Crawled caption data
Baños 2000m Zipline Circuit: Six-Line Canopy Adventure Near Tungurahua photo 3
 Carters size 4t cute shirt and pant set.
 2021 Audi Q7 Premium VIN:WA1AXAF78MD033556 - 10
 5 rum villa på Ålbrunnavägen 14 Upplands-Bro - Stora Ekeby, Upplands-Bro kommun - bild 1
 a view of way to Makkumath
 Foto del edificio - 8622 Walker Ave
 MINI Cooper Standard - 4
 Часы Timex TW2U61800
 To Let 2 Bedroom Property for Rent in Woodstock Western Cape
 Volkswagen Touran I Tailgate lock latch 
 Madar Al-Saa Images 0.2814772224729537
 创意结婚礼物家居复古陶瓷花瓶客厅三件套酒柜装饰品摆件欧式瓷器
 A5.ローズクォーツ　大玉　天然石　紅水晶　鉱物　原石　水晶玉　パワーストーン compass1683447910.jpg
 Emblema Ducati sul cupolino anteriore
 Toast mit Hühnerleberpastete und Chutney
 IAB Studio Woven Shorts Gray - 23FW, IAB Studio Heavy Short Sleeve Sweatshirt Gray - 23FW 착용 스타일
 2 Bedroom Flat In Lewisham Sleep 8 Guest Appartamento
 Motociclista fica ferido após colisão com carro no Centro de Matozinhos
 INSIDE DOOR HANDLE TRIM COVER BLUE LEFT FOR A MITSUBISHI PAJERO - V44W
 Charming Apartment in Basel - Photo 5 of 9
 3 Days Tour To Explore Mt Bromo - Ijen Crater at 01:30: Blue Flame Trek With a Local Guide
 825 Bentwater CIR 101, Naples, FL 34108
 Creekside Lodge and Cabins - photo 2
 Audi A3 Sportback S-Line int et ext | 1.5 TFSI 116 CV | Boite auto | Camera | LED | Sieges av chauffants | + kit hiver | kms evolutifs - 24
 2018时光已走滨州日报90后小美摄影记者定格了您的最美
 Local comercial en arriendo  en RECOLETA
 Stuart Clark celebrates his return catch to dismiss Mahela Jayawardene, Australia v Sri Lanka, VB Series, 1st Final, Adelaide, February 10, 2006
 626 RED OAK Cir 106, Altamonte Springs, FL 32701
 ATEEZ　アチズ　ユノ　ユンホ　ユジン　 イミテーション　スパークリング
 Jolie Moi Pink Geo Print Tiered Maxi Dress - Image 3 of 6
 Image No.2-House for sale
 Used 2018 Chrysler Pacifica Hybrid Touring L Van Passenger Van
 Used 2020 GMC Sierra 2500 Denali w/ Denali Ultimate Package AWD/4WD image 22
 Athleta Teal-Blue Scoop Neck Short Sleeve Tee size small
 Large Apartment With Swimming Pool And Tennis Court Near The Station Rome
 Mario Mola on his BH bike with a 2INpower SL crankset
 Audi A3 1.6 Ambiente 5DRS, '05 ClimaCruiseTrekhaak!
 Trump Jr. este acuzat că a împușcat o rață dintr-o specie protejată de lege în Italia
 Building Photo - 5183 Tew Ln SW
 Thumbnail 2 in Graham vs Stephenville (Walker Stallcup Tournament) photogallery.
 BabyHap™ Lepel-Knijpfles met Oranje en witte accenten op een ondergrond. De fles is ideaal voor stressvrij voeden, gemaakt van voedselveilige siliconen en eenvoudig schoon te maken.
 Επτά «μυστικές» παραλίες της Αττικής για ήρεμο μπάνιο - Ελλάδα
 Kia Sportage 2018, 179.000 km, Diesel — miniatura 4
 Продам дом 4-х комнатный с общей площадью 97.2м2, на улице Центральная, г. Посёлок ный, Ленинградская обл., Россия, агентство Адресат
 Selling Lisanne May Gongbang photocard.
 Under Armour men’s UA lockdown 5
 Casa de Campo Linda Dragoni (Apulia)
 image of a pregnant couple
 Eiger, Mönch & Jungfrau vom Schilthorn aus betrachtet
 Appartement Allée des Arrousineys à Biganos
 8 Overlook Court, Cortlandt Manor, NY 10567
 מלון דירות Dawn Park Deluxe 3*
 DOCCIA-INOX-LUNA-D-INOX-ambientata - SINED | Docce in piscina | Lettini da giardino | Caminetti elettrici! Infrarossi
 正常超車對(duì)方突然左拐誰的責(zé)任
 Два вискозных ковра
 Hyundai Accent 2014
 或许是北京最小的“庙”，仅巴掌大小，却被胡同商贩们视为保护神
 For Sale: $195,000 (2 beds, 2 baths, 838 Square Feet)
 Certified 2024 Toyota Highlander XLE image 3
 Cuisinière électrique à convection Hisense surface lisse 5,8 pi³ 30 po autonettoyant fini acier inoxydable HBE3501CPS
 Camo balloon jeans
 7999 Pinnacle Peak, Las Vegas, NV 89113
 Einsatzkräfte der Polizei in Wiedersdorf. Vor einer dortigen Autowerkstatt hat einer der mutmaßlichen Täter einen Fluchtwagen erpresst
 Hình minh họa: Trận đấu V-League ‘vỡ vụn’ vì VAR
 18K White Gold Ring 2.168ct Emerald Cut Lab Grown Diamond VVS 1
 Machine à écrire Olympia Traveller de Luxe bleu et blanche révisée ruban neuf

→ **TASK TO CARRY OUT**
Please copy, exactly and with nothing else, the lines above beginning at the line that has "Under Armour men’s UA lockdown 5" and ending with the line that has "For Sale: $195,000".

→ **TASK SOLUTION**
 Under Armour men’s UA lockdown 5
 Casa de Campo Linda Dragoni (Apulia)
 image of a pregnant couple
 Eiger, Mönch & Jungfrau vom Schilthorn aus betrachtet
 Appartement Allée des Arrousineys à Biganos
 8 Overlook Court, Cortlandt Manor, NY 10567
 מלון דירות Dawn Park Deluxe 3*
 DOCCIA-INOX-LUNA-D-INOX-ambientata - SINED | Docce in piscina | Lettini da giardino | Caminetti elettrici! Infrarossi
 正常超車對(duì)方突然左拐誰的責(zé)任
 Два вискозных ковра
 Hyundai Accent 2014
 或许是北京最小的“庙”，仅巴掌大小，却被胡同商贩们视为保护神
 For Sale: $195,000 (2 beds, 2 baths, 838 Square Feet)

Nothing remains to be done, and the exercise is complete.